*** Material provided ***

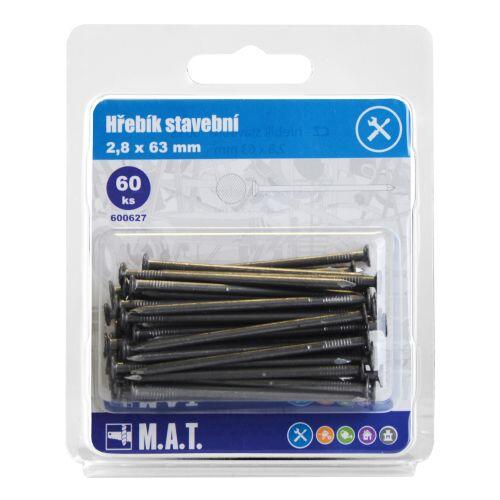 hřebík stavební  63x2,8mm (60ks) 0.2 Kg MTA MAXMIX Sklad14 600627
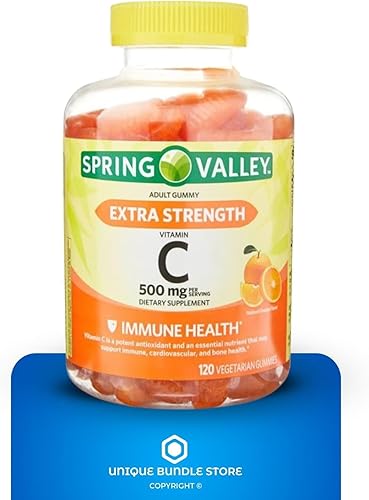Miniatura 3 de Extra Strength Vitamin C 500 mg, 120 Gummies - Orange Flavor, Immune Health Dietary Supplement Vegetarian Gummies (Pack of 1)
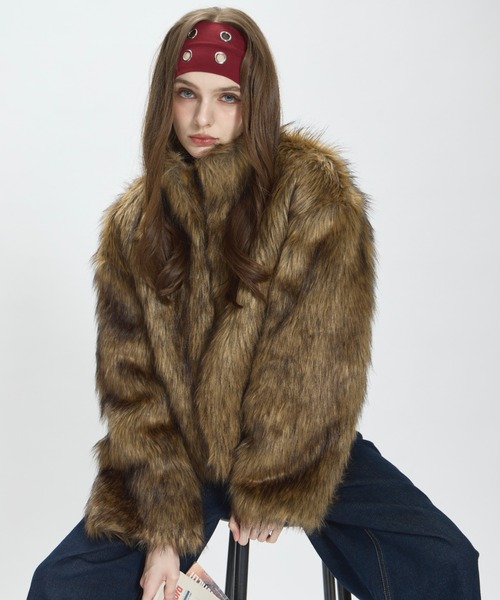 【初期】2002AW WHIZ LIMITED ブラウン ファー ジャケット セール】[裏ファー]2WAYヴィンテージライクファー付フェイクレザー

***

§ **Your instructions**: Please copy the data above character for character, skipping any pictures.

§ **Exercise response**:
 hřebík stavební  63x2,8mm (60ks) 0.2 Kg MTA MAXMIX Sklad14 600627
Miniatura 3 de Extra Strength Vitamin C 500 mg, 120 Gummies - Orange Flavor, Immune Health Dietary Supplement Vegetarian Gummies (Pack of 1)
 【初期】2002AW WHIZ LIMITED ブラウン ファー ジャケット セール】[裏ファー]2WAYヴィンテージライクファー付フェイクレザー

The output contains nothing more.